There are a number of ways to make ice cream without a machine. Perhaps the easiest is to use a regular freezer and stir at intervals. The fastest is to mix the base with a couple volumes of liquid nitrogen, which gives you ready to eat ice cream in ten seconds.

It's helpful to understand what the ice cream mixing machine does, in order to consider what you need to do to get a suitable product. Consider the clasic hand-cranked sort. The basic idea is that the dashers agitate the ice-cream-to-be, while the can rotates in the ice/salt mixture. The dashers agitate the ice-cream-to-be helps prevent the ice cream from freezing into big crystals of frozen water, and also entrain some air into the frozen mixture, which reduces the density, makes it a bit softer, and probably changes the mouth-texture. Rotating the can keeps the freezing ice/salt mixture in motion, which ensures that the can is always in contact with the coldest part of the mixture; that reduces the amount of time it takes to freeze the mixture.
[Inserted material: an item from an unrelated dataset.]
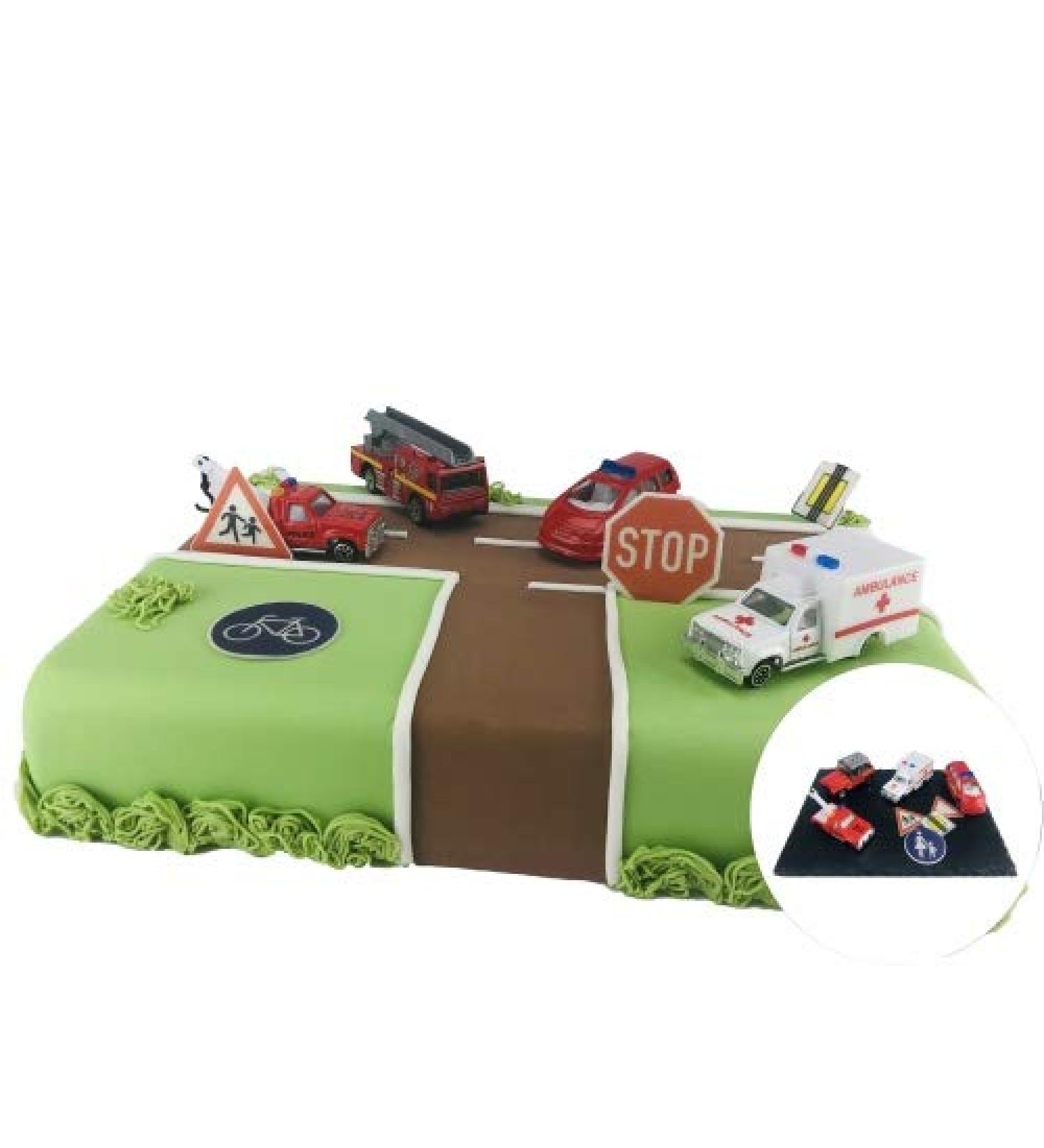 Buy Cake Company Torte Decoration - Kids' Birthday Rescue Vehicles | International Shipping - Buy Online on GoSupps.com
That's good, both because it's faster (less cranking! yeah! eat it sooner!) and because it reduces the production of ice crystals.

With that in mind, here are a few ways to make ice cream without an ice cream machine...
[h3]Easiest: Making Ice Cream With Man Power And A Freezer[/h3]
Putting the bowl in the freezer and stirring every hour or so is easy. Continue this process until the ice cream is frozen to your satisfaction.

Unfortunately, this method doesn't produce terribly good results. It'll tend to have big ice crystals in it, won't freeze as hard as you'd like, and takes a long time.

[h3]Making Ice Cream With A Ziplock Bag, Salt, And Ice [/h3]
  1. Put a small volume of base in a large Ziplock bag
  2. Use about a pint or pint and half of base with a two gallon ziplock, which goes nearly flat (so as to maximize the surface area exposed to the ice/salt - squeeze all the air out, too)
  3. Seal the bag
  4. Place this bag onto a bed of ice and then cover in more ice/salt
  5. Let sit for 20 minutes or so, take out of the ice, knead the starting to freeze mixture, put back in the ice for another 20 minutes.
  6. If you stop before it's solidly frozen, you can put the ice cream in a more elegent container. If you don't, you may have to slice the bag open to get it out.

[h3]Making Ice Cream With Liquid Nitrogen[/h3]
Freezing ice cream as fast as possible gives more and smaller crystals resulting in smoother ice cream. For this reason and the fact that liquid nitrogen can safely be added directly to your ingredients, probably make it the best possible choice to freeze ice cream. However, unless you've got a friendly cryogentics facillity or chemist, it's rather hard to get small volumes of liquid nitrogen.

Liquid nitrogen ice cream is a technique that requires a bit of practice to perfect. You can just dump a whole load in a whole of ice cream base and whisk, but you you get chunks of frozen mix or a giant frozen wad.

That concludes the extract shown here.